### EXERCISE PROMPT
From the first line to the last, please reproduce the material exactly, skipping the pictures.

### DATA EXTRACT
◇ ◇ ◇ ◇
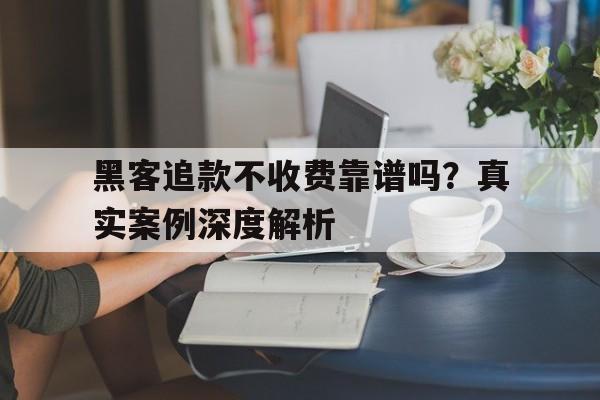 黑客追款不收费靠谱吗？真实案例深度解析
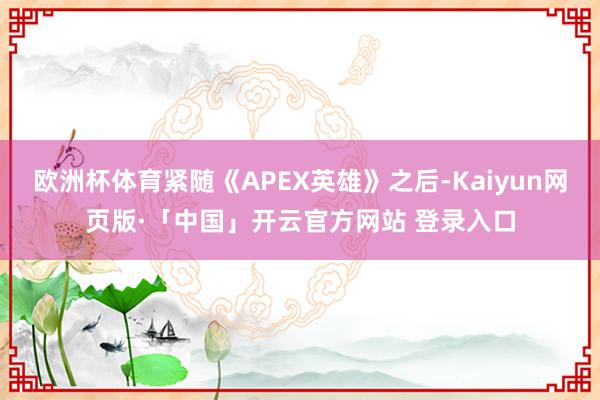 欧洲杯体育紧随《APEX英雄》之后-Kaiyun网页版·「中国」开云官方网站 登录入口
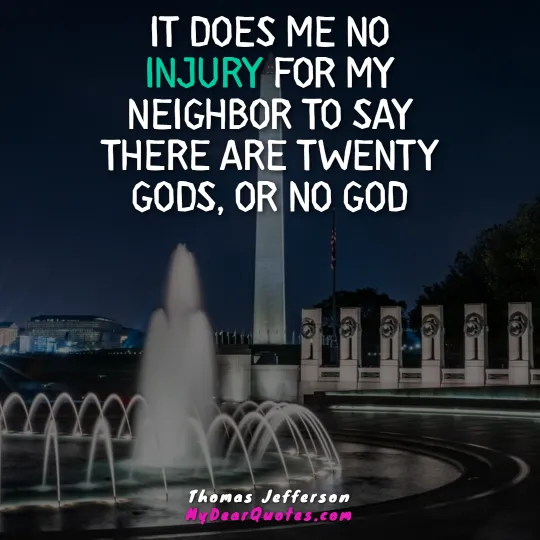 Thomas Jefferson neighboor quote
◇ ◇ ◇ ◇
### ANSWER TO THIS TASK
 黑客追款不收费靠谱吗？真实案例深度解析
 欧洲杯体育紧随《APEX英雄》之后-Kaiyun网页版·「中国」开云官方网站 登录入口
 Thomas Jefferson neighboor quote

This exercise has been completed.